You should replace the following:
(you should not give the same Tensor to different parameters. otherwise they have the same memory and so will always have the same value. And if you do an update on one then the other, then you do 2x the update)

        self.intra_centers = nn.Parameter(self.centers.view_as(self.centers))


        self.intra_centers = nn.Parameter(self.centers.clone())

And (you should not use .data)



1 Like

Thank you @albanD. This worked for me. Everything is fine until first epoch. I have problem in the second epoch though.
Following the question I asked yesterday and you answered:

my model has two sets of parameters a and b which require gradients.
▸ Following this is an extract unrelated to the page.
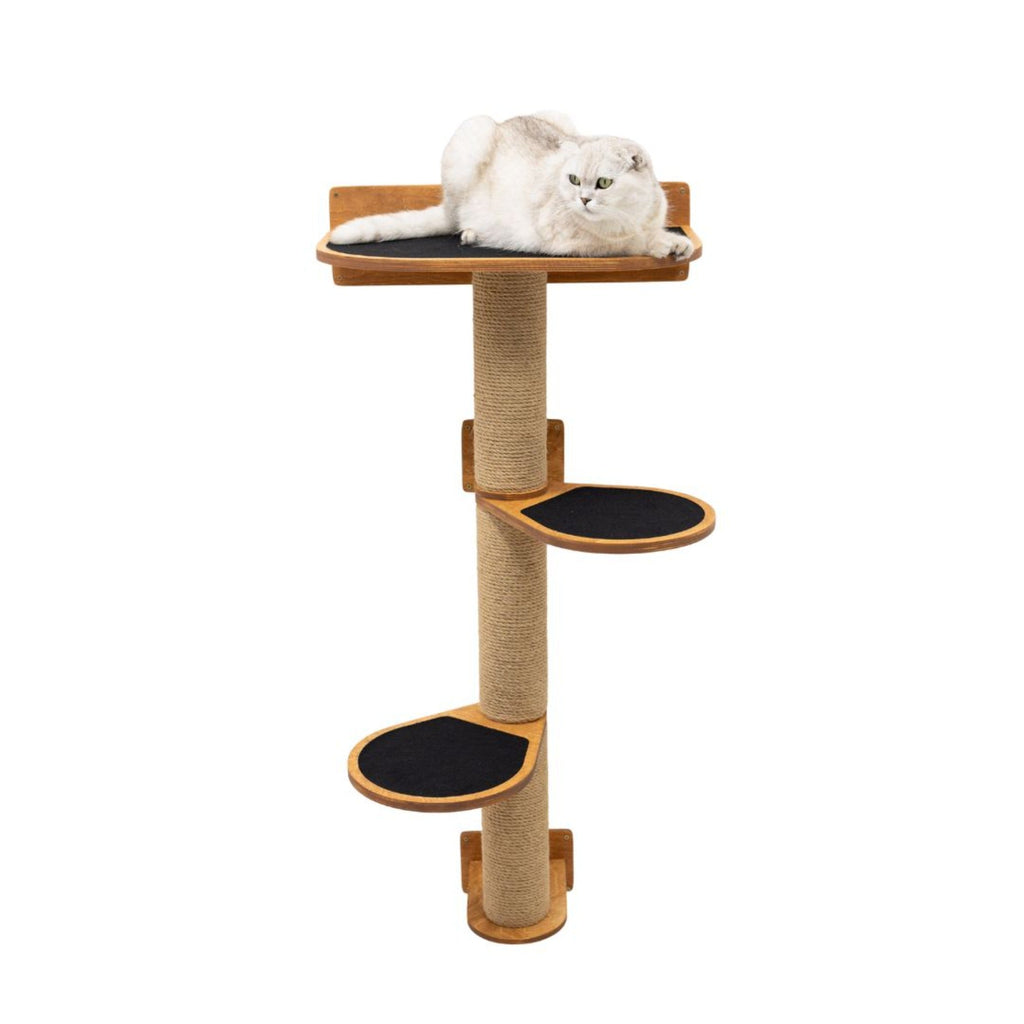 Medium Cat Tree – Oak Finish, Two-Level with Sisal Scratching Post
I have two different loss functions as:

loss1 = function(a, b)
loss2 = function(b)

and the total loss is

total_loss = loss1 + loss2


  • loss1 calculates b1.grad
  • loss2 calculates b2.grad,
    then the total b.grad calculated by total_loss.backward() is b.grad = b1.grad + b2.grad.

My goal is to modify b1.grad coming from loss1 and b2.grad comig from loss2 and then add them together as backward gradients for b. Currently when I do total_loss.bakward(), it already gives me the accumulated gradients for b.grad=b1.grad + b2.grad. How can I access and modify each individual b1.grad and b2.grad so the total_loss.backward() returns the modified and added b1.grad and b2.grad?
You told me to make intermediate gradients which I did in this code sample. However, I’m not sure if

centers_grad = 0
    for param in criterion.parameters():
        centers_grad += param.grad
    # update centers grad
    for param in criterion.parameters():
        param.grad = centers_grad
        print(f'c.grad = {param.grad}')

is doing the job of b.grad = b1.grad + b2.grad. It is ok for first epoch but doing the same thing in second epoch already adds the gradients for me. It seems like the centers_grad variable gets attached to something. Do you have any idea how to fix this?

Given that you modify .grad with things that requires_grad=True, I guess the next backward keep the graph from the previous iterations? Can you try setting all the .grad to None at the end of your iteration (instead of calling .zero_grad().